Dream two: when I'm feeling awkward or nervous, I have a habit of stacking people's change. You know, all the quarters together, heads up, topped by the nickels, topped by pennies and then dimes? So last night, apparently something was going on, because I dreamt that I was in a field, sitting in a pile of spare change that I believe belonged to my best friend from third grade. I had coin sleeves and was gleefully gathering quarters to stack in them (I remember counting 101 before waking up). The strange thing about this dream is that I started to wake up in the middle of it and tried to stop myself because I was enjoying it so much.

Then, after I'd fallen back asleep, I returned again to teaching, where I was giving a lesson on fractals to sixth graders, but instead of leading the class, one of my students was teaching me. He gave me an exercise sheet with half circles printed on it and told me to create fractals, then went off to assist the rest of the class. Lite FM was playing on an in-school stereo system that, surprisingly, I hadn't noticed during my two years at the actual school. When he came back to check on my progress, I hadn't been able to complete any of the exercises.

Gene, beat those!

2004.05.18

Multiplying by the Reciprocal in Iraq

Ways to tell that you feel a sense of concern and lack of control over current events: you dream that you have been sent to the sand dunes (?) of Iraq to teach people how to divide decimals. Thanks to a huge flood that passes through the dunes approximately every fifteen seconds of your dream, you are constantly thrown off track, being forced to deal with small American school boys collecting colored bottle caps and young girls collecting sea shells as you are thrown from dune to dune. Your parents are trying to arrange a midnight brunch at which the only thing on the menu is calamari, and you have just been evacuated from your plane, which has crashed into the ocean. Also involved: a red and yellow tricycle.

Interpretations?

2004.04.13

Money for my Grandmother

I am about to leave my parents' apartment to go to a casino, unclear why. My grandmother stops me, gives me three nickels, and says to bet them on "x, y and z" in the nickel slot machine. At the time, this makes sense. In the casino, I scurry around betting my own money, always winning, and am about to leave when I remember my grandmother's three nickels. I bet them, one at a time. X, nothing. Y, nothing. I go to hit Z but type in the wrong letter (because it is a "typing" slot machine) and begin to worry that by mistyping, I have now messed up fate--surely z would have won! Luckily for me, the machine claims an internal error and asks me to enter it again. I do so, and win $10,000, which comes out in a thick wad of 20s.

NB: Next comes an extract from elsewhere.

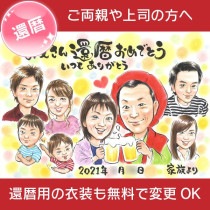 鳨 ץ쥼 ξƤ䤴 ؤδץ쥼 ݤ ˤ ץ쥼 ե £ʪ £   Ŵ   Ƽ ´  ɴ Ĺ    Ф 줵 㤵   ξ ²  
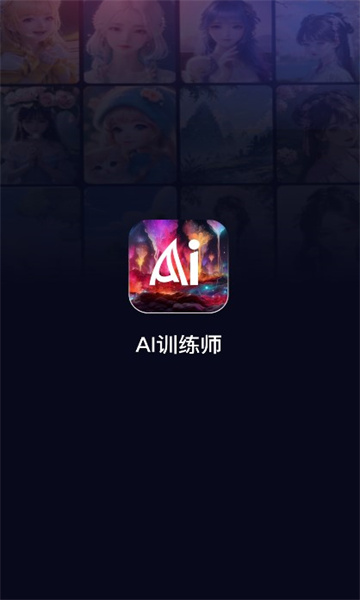 ai训练师绘画app最新版图1:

Jumping with glee (oh, grandma will be so happy!) I ask the women behind the desk if they have an envelope (despite the fact that the wad of bills is a foot thick); they give me a blank check. And then, as I'm preparing to skip out of the casino to deliver the cash to gma, a brilliant idea hits me: I should start a line of underwear with a small velcro patch on the front, that corresponds to a penny/nickel with a small velcro patch on its back, and then you can call them your "lucky underwear" and wear them whenever you go gambling.